▶ _EXERCISE PROMPT_: Write every line below out again, exactly as given, but leave out the pictures.

------ RECORDS TO USE ------

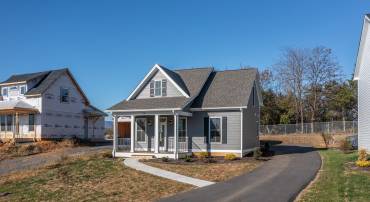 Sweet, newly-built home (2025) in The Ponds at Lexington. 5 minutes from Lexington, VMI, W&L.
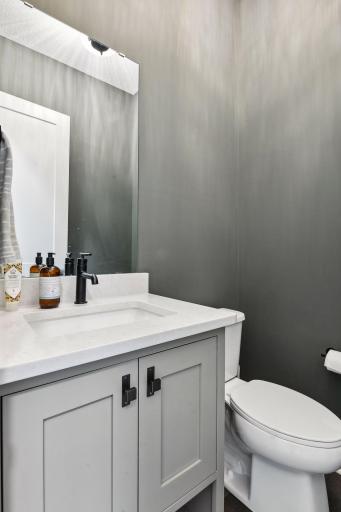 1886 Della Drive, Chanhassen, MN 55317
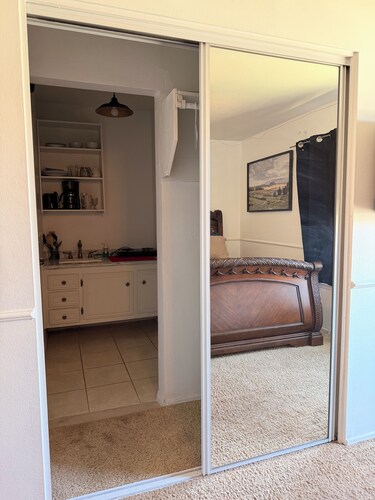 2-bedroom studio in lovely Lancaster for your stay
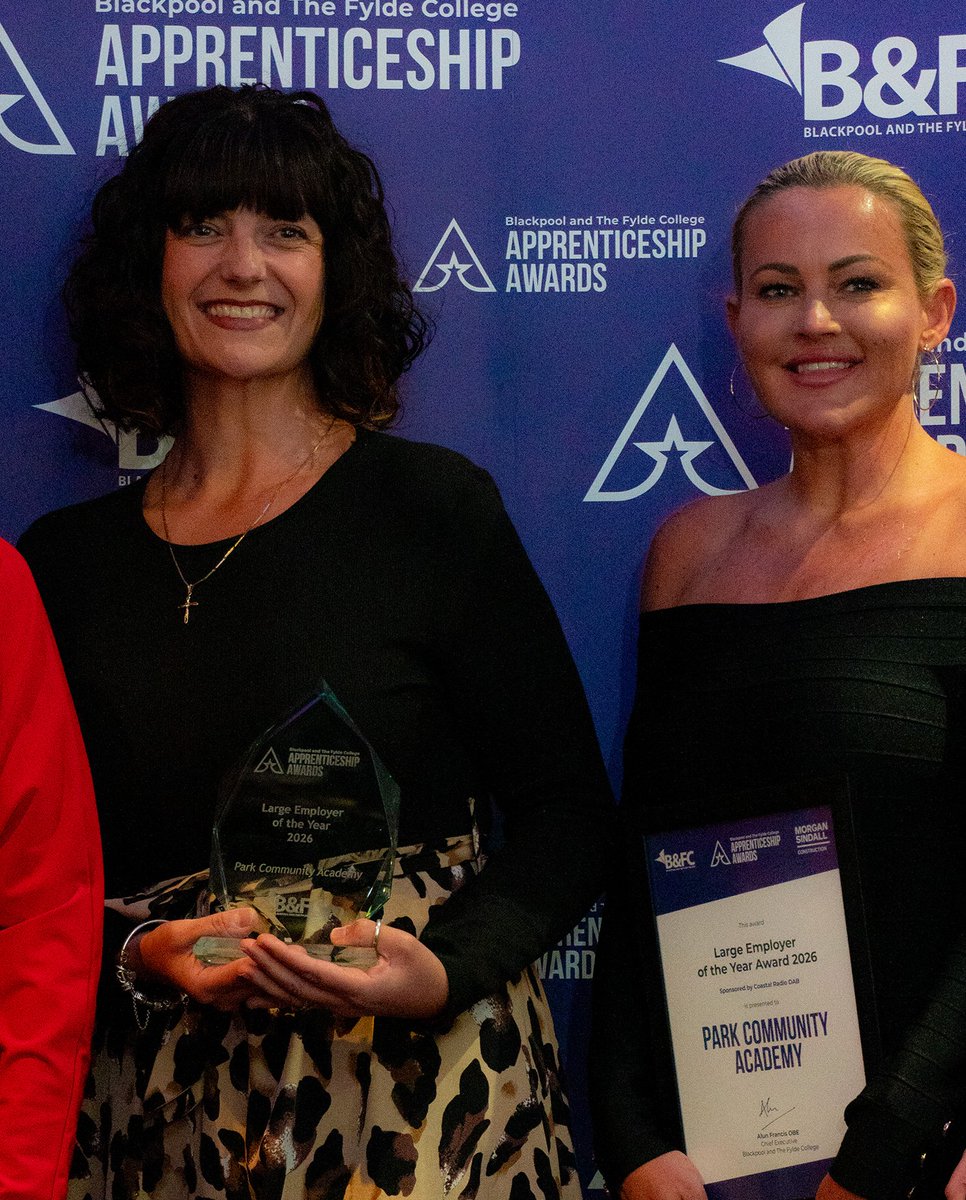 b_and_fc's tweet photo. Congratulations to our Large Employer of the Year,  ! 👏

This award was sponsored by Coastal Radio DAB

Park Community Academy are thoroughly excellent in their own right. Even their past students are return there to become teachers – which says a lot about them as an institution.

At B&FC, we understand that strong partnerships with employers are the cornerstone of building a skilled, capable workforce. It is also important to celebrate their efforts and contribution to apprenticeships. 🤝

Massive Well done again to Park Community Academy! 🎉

------

▶ _WRITTEN ANSWER_:
 Sweet, newly-built home (2025) in The Ponds at Lexington. 5 minutes from Lexington, VMI, W&L.
 1886 Della Drive, Chanhassen, MN 55317
 2-bedroom studio in lovely Lancaster for your stay
 b_and_fc's tweet photo. Congratulations to our Large Employer of the Year,  ! 👏

This award was sponsored by Coastal Radio DAB

Park Community Academy are thoroughly excellent in their own right. Even their past students are return there to become teachers – which says a lot about them as an institution.

At B&FC, we understand that strong partnerships with employers are the cornerstone of building a skilled, capable workforce. It is also important to celebrate their efforts and contribution to apprenticeships. 🤝

Massive Well done again to Park Community Academy! 🎉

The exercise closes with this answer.